Mas “os desafios são enormes, com um número tão grande de pessoas a fugir em tão pouco tempo”, afirmou o porta-voz do ACNUR. A prioridade começa por se dar abrigo, encontrar um lugar seguro para ficar, mas “depois, as necessidades dependem de quanto tempo as pessoas podem ficar”.

A preocupação já tinha sido levantada por Victoria Lupton, presidente da associação dedicada a conflitos, refugiados e cultura árabe Seenaryo, quando defendeu que a grande crise de refugiados da década passada – a dos sírios – deve ser observada para que os mesmos erros não sejam cometidos.

“A primeira coisa que os países anfitriões têm de se lembrar é que a maioria dos refugiados permanece refugiada por muito tempo. Globalmente, a duração média do deslocamento é de 20 anos. Embora as campanhas gerais e os financiamentos coletivos de emergência sejam valiosos, o trabalho menos glamoroso é muito mais lento”, opinou.

“As tensões vão-se acumulando ao longo do tempo.

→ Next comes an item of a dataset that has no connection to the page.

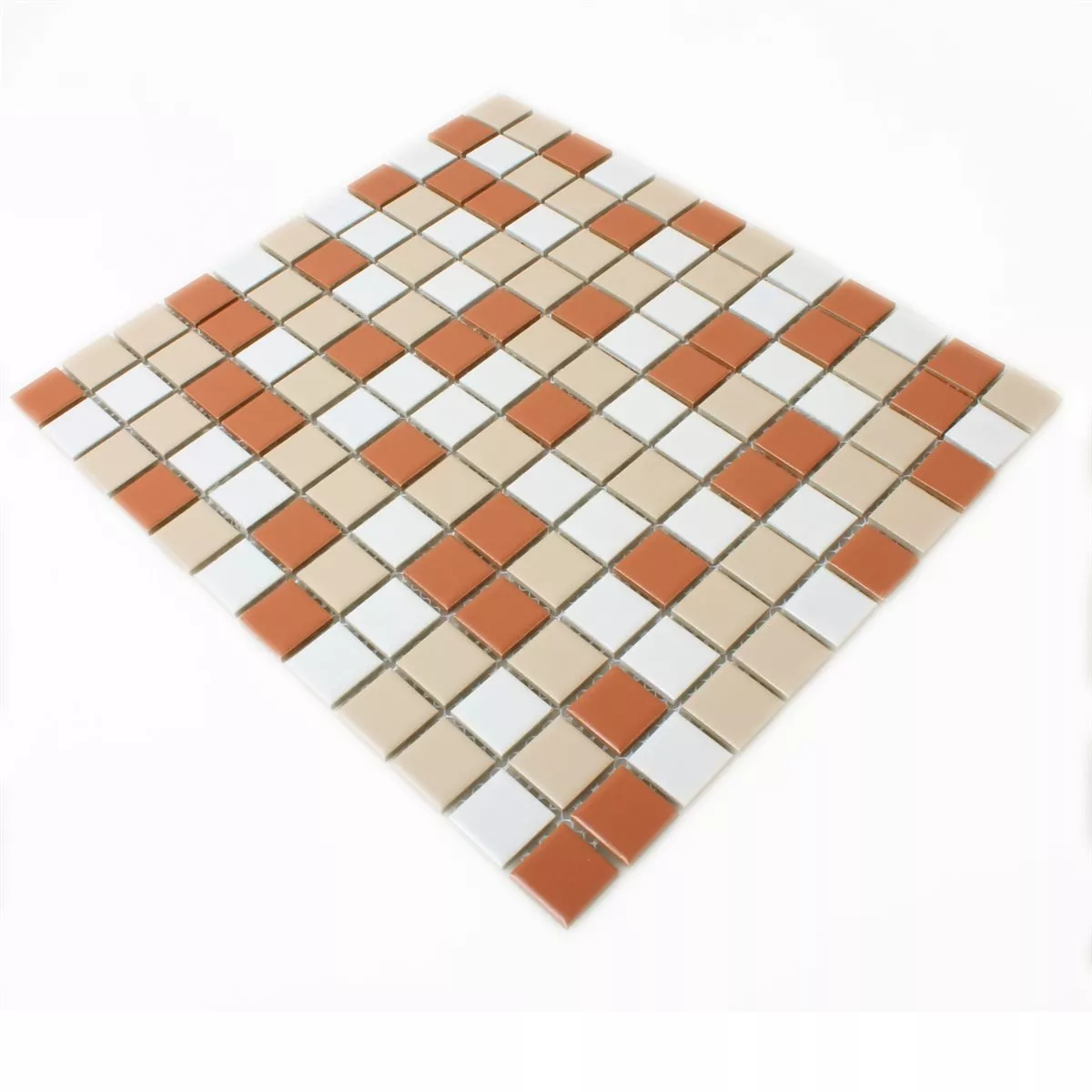 Mosaikfliesen Keramik Weiss Creme Terrakotta Mix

Apesar de toda a generosidade inspiradora dos polacos para com os ucranianos, vão surgir tensões, principalmente porque as duas nações partilham um passado turbulento”, alertou.

Um segundo desafio é que, apesar de a vaga de refugiados da Ucrânia ser atualmente a mais premente e a maior do mundo, há muitas outras crises de refugiados no mundo.

Temos “muitas outras crises de refugiados, que não são tão generosamente financiadas, mas que têm necessidades enormes”, disse o porta-voz do ACNUR.

“Apesar da tragédia [da invasão da Rússia à Ucrânia e consequente desenvolvimento de uma guerra], foi animador ver a solidariedade inigualável demonstrada aos refugiados ucranianos em toda a Europa e no mundo”, observou Matthew Saltmarsh.

“As fronteiras foram mantidas abertas e a União Europeia tomou medidas sem precedentes ao ativar, pela primeira vez, a diretiva de Proteção Temporária, garantindo o acesso à proteção e aos direitos dos refugiados da Ucrânia”, considerou.

“Achamos que este é um passo positivo”, garantiu, considerando que “quando os países trabalham juntos, muito pode ser alcançado”. Agora, sublinhou, “é preciso ver essa responsabilidade e solidariedade estendidas àqueles que fogem da perseguição e da violência em todo o mundo”.

É imprescindível lembrar outras situações, adiantou ainda, nomeando outros países regionais e vizinhos dos afetados por conflitos e instabilidade que acolheram refugiados em grande número, “salvando milhões de vidas”.

Países vizinhos da Síria, incluindo Turquia, Líbano, Jordânia e Iraque, acolhem refugiados sírios há mais de uma década. O Quénia e outros países do continente africano continuam a oferecer proteção aos somalis. O Bangladesh abriga centenas de milhares de rohingyas e a Colômbia abriga mais de 1,7 milhões de venezuelanos a quem concedeu estatuto de Proteção Temporária durante 10 anos.